Using go version go1.25.3 darwin/arm64.
The below implementation is a simplified version of the actual implementation.
type WaitObject struct{ c chan struct{} }
func StartNewTestObject(d time.Duration) *WaitObject {
obj := &WaitObject{c: make(chan struct{})}
go func() {
time.Sleep(d)
close(obj.c)
}()
return obj
}
// WaitAllObjects is the target for benchmarking.
func WaitAllObjects(objs ...*WaitObject) {
for _, obj := range objs {
<-obj.c
}
}
I created helper functions to create multiple WaitObject values, all by calling the above StartNewTestObject function with different values for d, then benchmarking the above WaitAllObjects function on the generated WaitObject values.

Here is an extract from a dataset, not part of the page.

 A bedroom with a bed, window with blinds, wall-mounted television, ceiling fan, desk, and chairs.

For the purpose of generating accurate benchmarking results, I using b.StopTimer() and StartTimer() inside the b.Loop(), to make sure that each loop runs on new WaitObject values.

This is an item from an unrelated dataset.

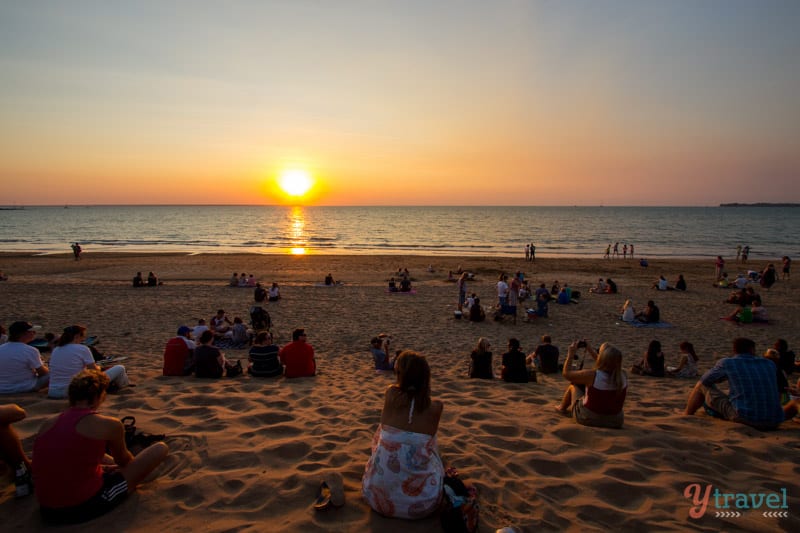 caz looking at orange Sunset at Mindel Beach in Darwin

However, the results showing higher than expected allocations, and it seems that the only way to get expected allocations number is by using an inaccurate benchmark (which generates the WaitObject values once, and reuse them each loop).
This is the benchmark code:
func BenchmarkWaitTestObjects3(b *testing.B) {
for _, tc := range waitObjectCases {
b.Run(tc.name, func(b *testing.B) {
helperBenchmarkWaitTestObjects3(b, tc)
})
}
}
func helperBenchmarkWaitTestObjects3(b *testing.B, tc waitObjectCase) {
b.ReportAllocs()
for b.Loop() {
b.StopTimer()
objs := startWaitObjects(b, tc) // helper function to create `WaitObject` values.
b.StartTimer()
WaitAllObjects(objs...)
}
}
This produced the below results:
goos: darwin
goarch: arm64
cpu: Apple M2
BenchmarkWaitTestObjects3
BenchmarkWaitTestObjects3/500ns
BenchmarkWaitTestObjects3/500ns-8 60702 19406 ns/op 7241 B/op 75 allocs/op
What am I missing? How to benchmark only my WaitAllObjects function on newly generated objects?

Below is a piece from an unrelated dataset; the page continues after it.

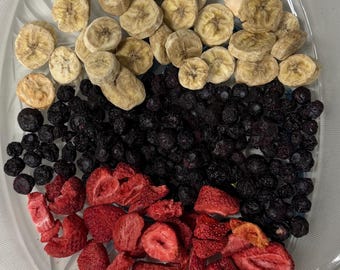 Puede incluir: Una bandeja de servir transparente con bordes festoneados contiene tres secciones distintas de fruta liofilizada: una capa superior de rodajas de plátano beige, una capa media de arándanos morados oscuros y una capa inferior de fresas rojas en rodajas.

The full code is available here: https://go.dev/play/p/hBtyRNWAEkA?v=
EDIT:
As noted by @Mr_Pink in the comments, I wasn't waiting for all the goroutines to be started before starting the timer and benchmarking my target function.
So, I updated the functions that start the goroutines to make sure all goroutines are started before the benchmarking begins.
They're now as follows:
func StartNewTestObject(d time.Duration, wg *sync.WaitGroup) *WaitObject {
wo := NewWaitObject()
go func() {
wg.Done()
time.Sleep(d)
close(wo.c)
}()
return wo
}
func startWaitObjects(tb testing.TB, c waitObjectCase) []*WaitObject {
tb.Helper()
wg := sync.WaitGroup{}
wg.Add(c.n)
objs := make([]*WaitObject, 0, c.n)
for range c.n {
objs = append(objs, StartNewTestObject(c.d, &wg))
}
wg.Wait()
return objs
}
And this made the benchmarks produce more expected results:
goos: darwin
goarch: arm64
cpu: Apple M2
BenchmarkWaitTestObjects3
BenchmarkWaitTestObjects3/500ns
BenchmarkWaitTestObjects3/500ns-8 183475 6753 ns/op 13 B/op 0 allocs/op
The updated code is available here: https://go.dev/play/p/QaGOnmDSmTd
StartNewTestObjectgoroutine may not actually be dispatched until long after the function returns, so it it can get caught by the memory comparison for allocations.